Saved entries:
........

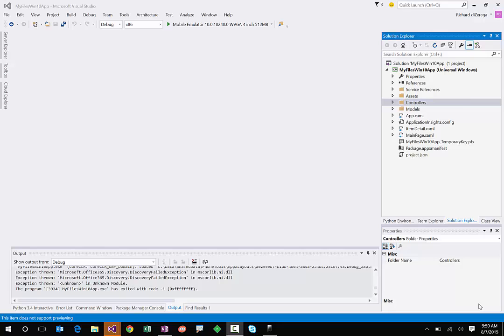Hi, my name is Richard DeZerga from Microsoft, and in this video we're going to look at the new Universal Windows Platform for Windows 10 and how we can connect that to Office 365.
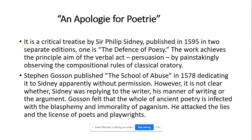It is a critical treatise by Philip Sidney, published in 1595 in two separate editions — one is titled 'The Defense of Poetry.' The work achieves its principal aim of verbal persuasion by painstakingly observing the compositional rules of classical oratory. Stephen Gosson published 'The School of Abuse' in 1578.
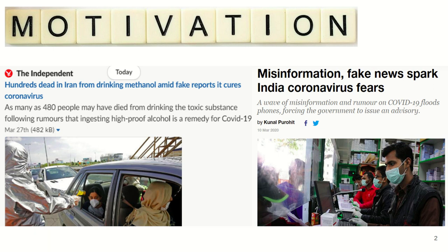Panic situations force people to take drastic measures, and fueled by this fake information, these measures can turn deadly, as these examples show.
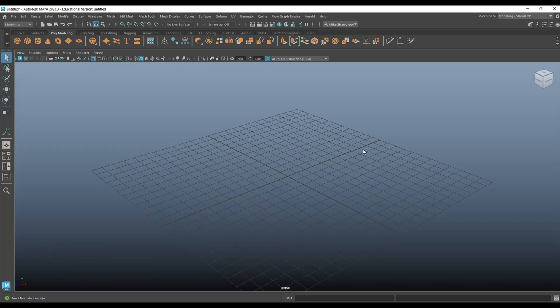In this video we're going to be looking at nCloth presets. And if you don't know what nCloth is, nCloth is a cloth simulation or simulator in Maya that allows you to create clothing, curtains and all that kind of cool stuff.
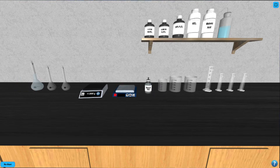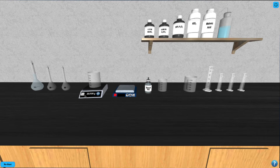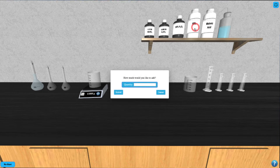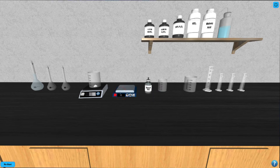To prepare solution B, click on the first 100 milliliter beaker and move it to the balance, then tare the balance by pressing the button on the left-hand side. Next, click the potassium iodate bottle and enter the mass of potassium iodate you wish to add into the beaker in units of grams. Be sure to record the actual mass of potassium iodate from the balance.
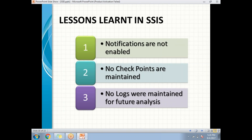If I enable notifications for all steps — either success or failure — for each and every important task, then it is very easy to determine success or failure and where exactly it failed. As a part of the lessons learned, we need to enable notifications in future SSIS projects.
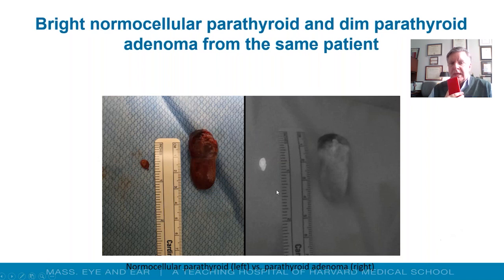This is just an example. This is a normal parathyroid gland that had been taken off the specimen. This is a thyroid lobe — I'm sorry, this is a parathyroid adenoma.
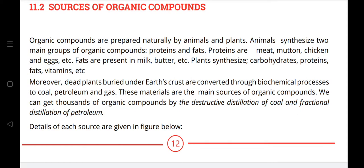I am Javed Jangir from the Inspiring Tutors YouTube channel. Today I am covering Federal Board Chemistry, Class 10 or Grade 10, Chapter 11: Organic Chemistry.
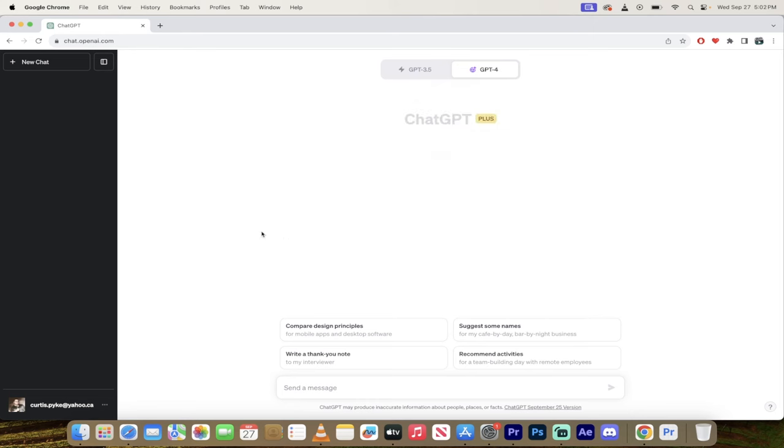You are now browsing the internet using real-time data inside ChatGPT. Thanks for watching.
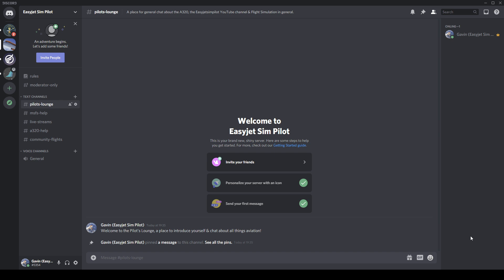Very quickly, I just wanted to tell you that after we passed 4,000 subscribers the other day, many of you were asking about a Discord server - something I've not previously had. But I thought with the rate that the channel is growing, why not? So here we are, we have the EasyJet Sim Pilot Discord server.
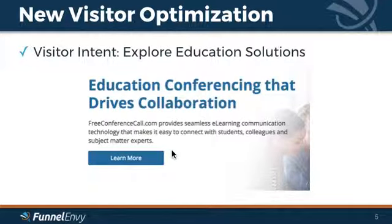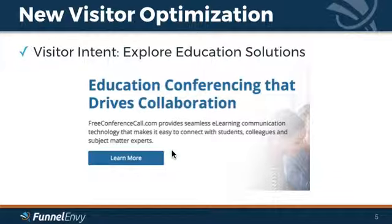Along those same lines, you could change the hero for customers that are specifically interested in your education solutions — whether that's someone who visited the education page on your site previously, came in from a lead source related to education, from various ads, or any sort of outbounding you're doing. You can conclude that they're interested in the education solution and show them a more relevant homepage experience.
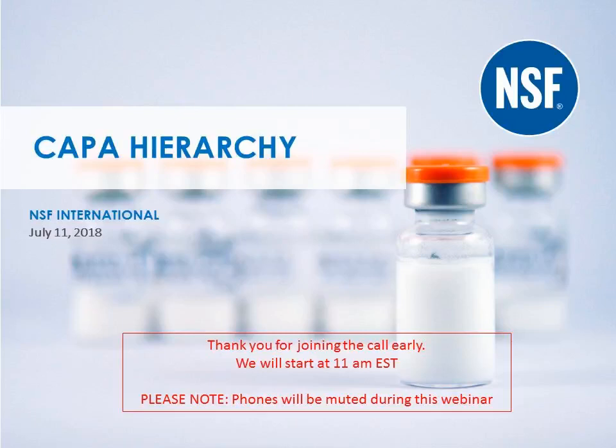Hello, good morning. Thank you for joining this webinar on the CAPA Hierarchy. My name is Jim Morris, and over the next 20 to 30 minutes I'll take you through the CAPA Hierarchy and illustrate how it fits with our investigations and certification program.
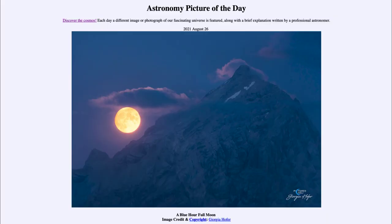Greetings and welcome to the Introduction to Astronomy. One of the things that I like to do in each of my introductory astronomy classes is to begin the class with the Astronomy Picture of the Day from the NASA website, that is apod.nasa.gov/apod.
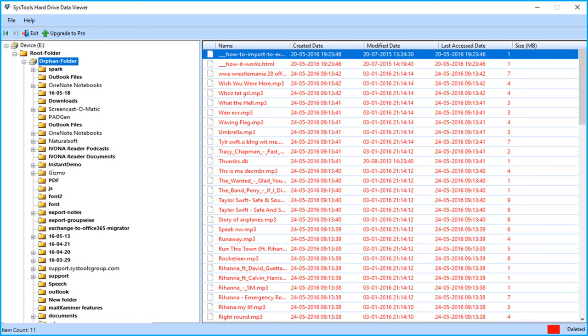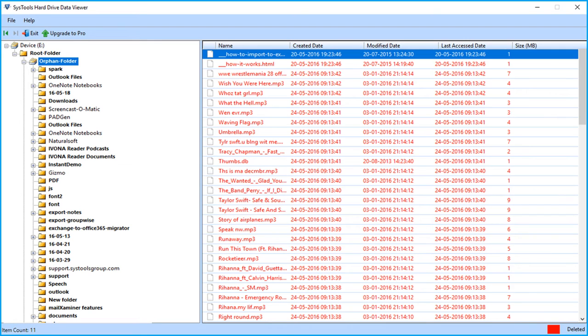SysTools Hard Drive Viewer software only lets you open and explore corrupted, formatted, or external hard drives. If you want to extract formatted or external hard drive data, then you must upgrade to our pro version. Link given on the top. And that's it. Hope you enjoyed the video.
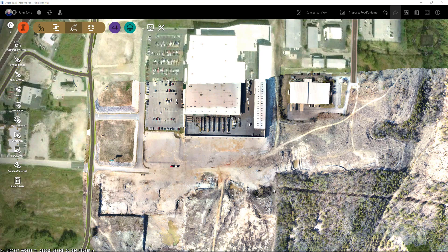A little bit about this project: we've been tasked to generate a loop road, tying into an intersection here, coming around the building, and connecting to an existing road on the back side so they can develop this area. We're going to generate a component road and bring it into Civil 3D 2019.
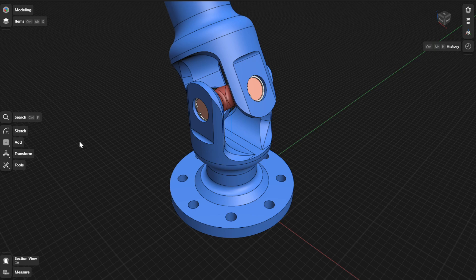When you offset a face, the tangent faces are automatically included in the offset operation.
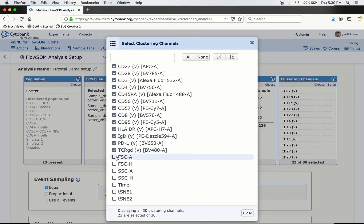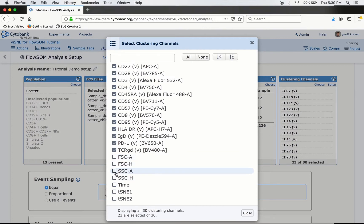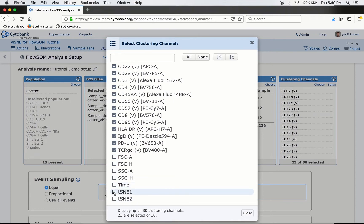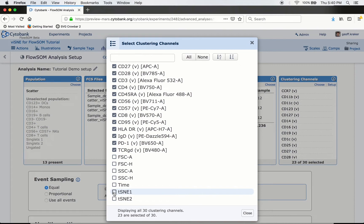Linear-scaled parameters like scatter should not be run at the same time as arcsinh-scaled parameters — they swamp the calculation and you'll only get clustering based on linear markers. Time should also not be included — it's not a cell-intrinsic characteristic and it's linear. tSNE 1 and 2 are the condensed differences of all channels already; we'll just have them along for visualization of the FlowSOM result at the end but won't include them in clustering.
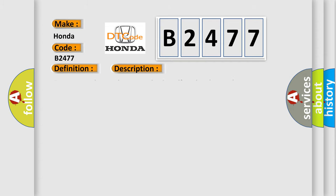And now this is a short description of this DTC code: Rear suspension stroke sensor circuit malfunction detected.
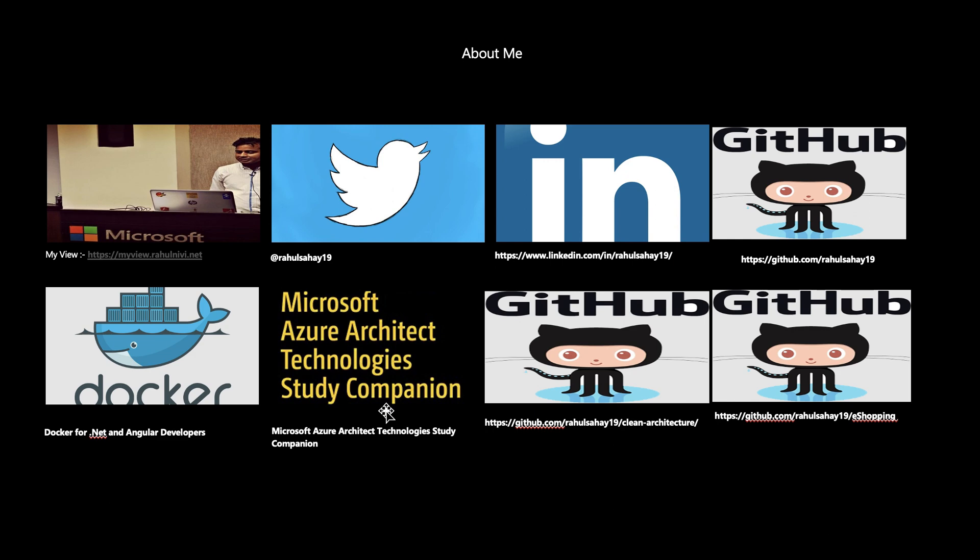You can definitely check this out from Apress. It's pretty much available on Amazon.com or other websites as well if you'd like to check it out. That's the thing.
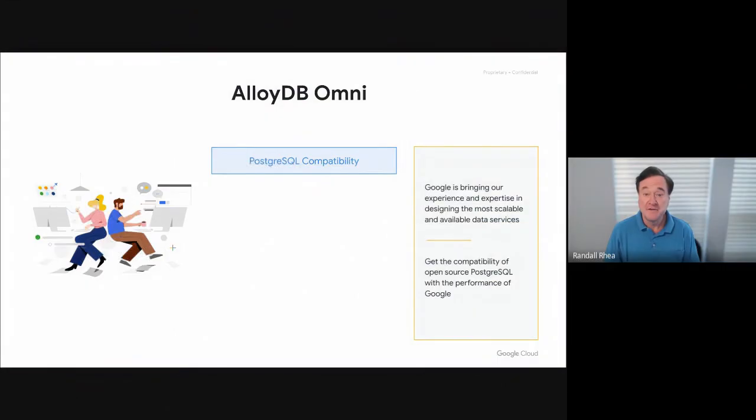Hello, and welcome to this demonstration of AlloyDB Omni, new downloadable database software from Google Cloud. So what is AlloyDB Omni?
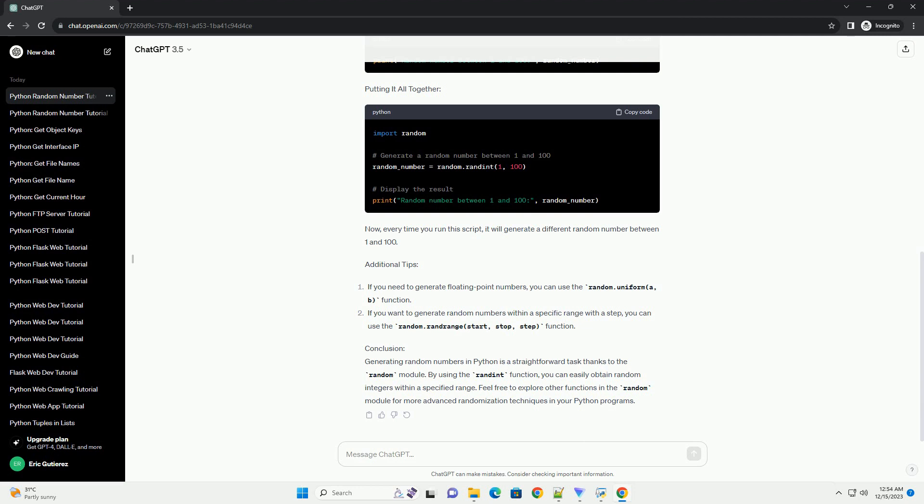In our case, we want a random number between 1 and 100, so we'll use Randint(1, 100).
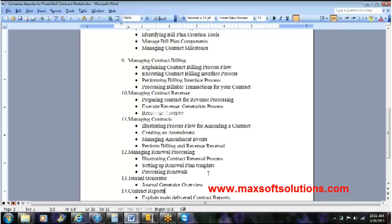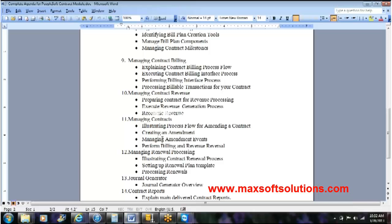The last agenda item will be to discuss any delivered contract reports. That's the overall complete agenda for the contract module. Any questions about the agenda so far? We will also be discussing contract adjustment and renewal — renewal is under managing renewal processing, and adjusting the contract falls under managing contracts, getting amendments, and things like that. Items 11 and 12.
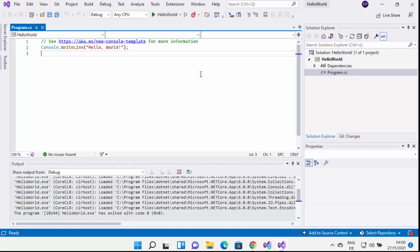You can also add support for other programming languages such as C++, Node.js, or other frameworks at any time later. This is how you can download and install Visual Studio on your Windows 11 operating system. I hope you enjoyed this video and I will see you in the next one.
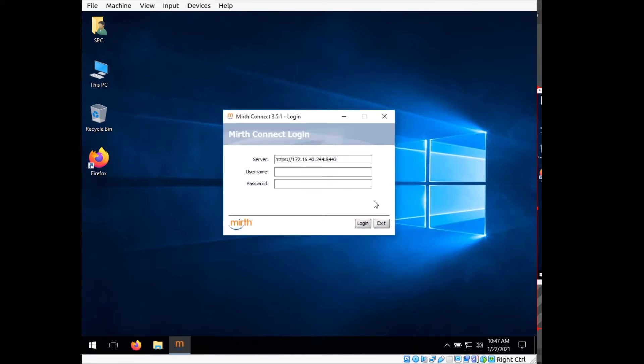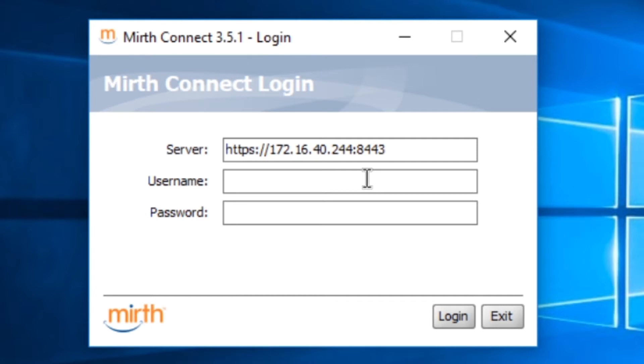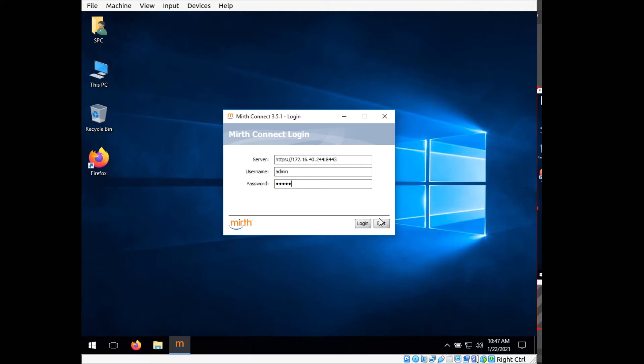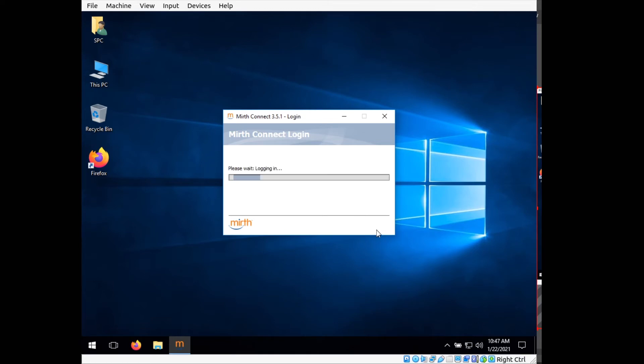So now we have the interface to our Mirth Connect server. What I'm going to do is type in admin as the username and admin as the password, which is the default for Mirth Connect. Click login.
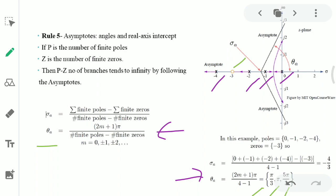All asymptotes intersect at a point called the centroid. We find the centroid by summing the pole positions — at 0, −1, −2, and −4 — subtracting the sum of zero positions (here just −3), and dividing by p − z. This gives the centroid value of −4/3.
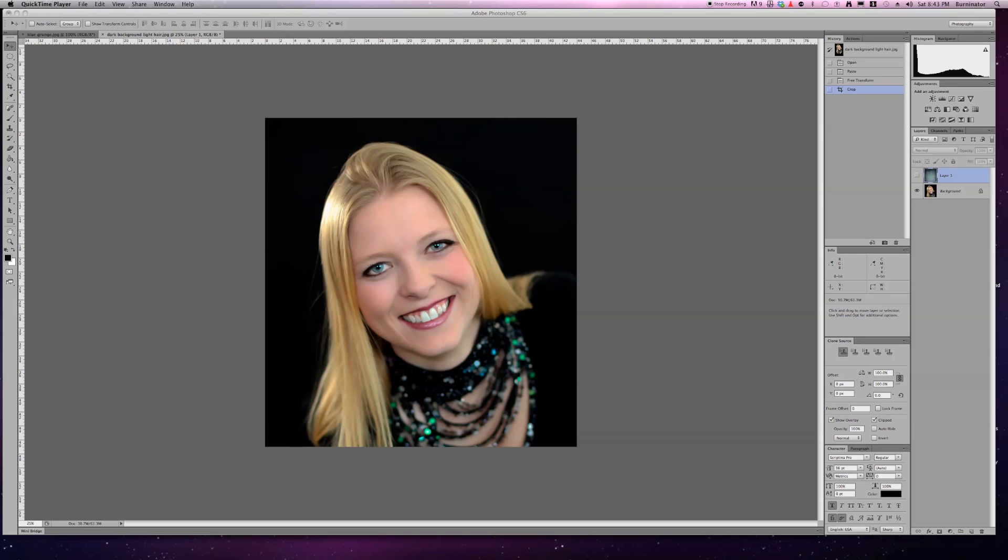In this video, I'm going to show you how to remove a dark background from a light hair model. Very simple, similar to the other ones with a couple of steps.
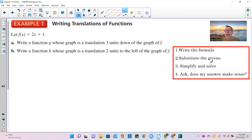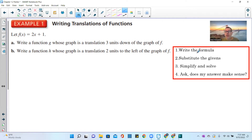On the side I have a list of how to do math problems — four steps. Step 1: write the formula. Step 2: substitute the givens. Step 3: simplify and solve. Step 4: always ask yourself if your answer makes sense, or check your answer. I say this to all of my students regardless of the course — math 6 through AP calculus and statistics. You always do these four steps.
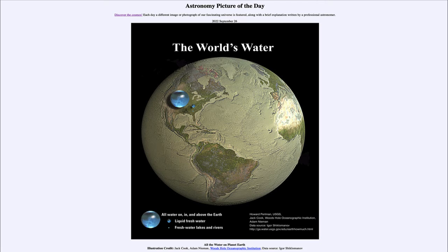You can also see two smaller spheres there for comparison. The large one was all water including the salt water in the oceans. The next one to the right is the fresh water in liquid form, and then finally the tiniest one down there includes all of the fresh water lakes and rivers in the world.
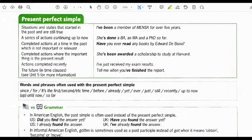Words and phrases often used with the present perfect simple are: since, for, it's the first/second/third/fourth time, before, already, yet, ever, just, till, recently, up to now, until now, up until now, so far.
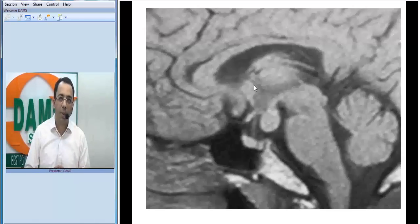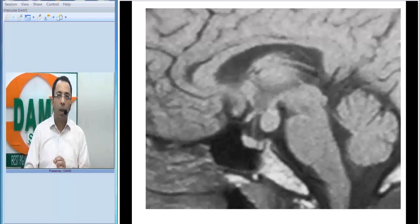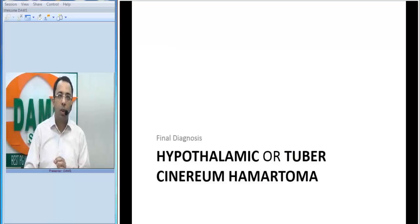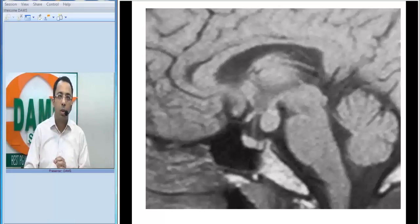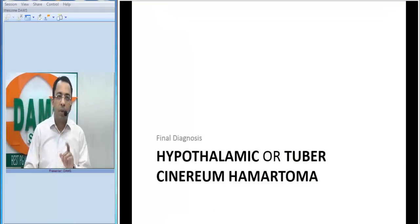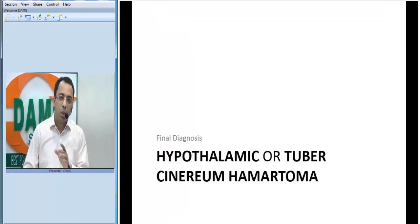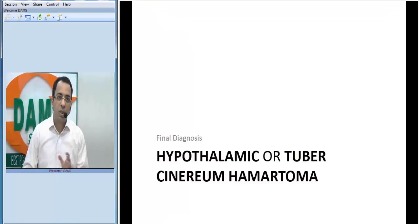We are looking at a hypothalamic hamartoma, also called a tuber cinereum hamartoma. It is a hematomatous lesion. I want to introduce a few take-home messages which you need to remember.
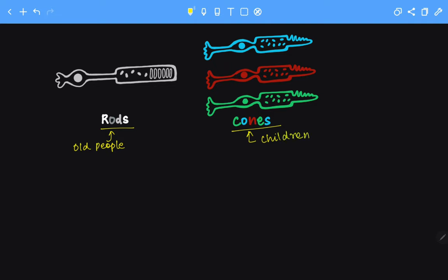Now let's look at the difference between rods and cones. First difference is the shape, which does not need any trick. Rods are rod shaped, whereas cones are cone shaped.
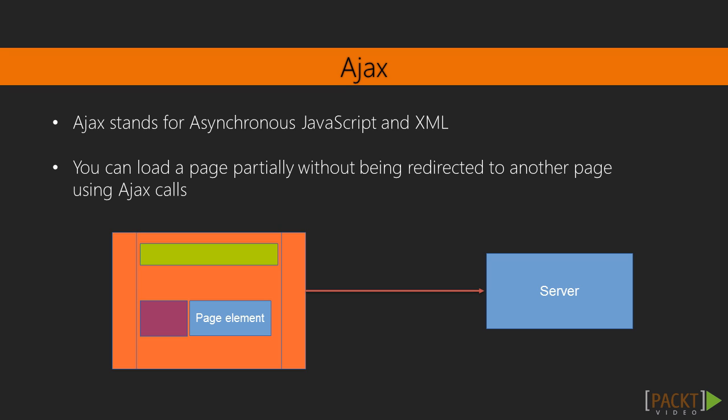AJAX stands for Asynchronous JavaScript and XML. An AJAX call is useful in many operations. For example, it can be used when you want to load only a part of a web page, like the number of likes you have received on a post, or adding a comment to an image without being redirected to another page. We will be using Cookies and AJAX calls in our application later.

........

Return the stretch of data that begins with the line showing "The last agenda" and goes on through the line showing "In this video, I'm", exactly, with pictures removed.

REPLY:
The last agenda item will be to discuss any delivered contract reports. That's the overall complete agenda for the contract module. Any questions about the agenda so far? We will also be discussing contract adjustment and renewal — renewal is under managing renewal processing, and adjusting the contract falls under managing contracts, getting amendments, and things like that. Items 11 and 12.
You can also add support for other programming languages such as C++, Node.js, or other frameworks at any time later. This is how you can download and install Visual Studio on your Windows 11 operating system. I hope you enjoyed this video and I will see you in the next one.
So now we have the interface to our Mirth Connect server. What I'm going to do is type in admin as the username and admin as the password, which is the default for Mirth Connect. Click login.
All asymptotes intersect at a point called the centroid. We find the centroid by summing the pole positions — at 0, −1, −2, and −4 — subtracting the sum of zero positions (here just −3), and dividing by p − z. This gives the centroid value of −4/3.
In this video, I'm going to show you how to remove a dark background from a light hair model. Very simple, similar to the other ones with a couple of steps.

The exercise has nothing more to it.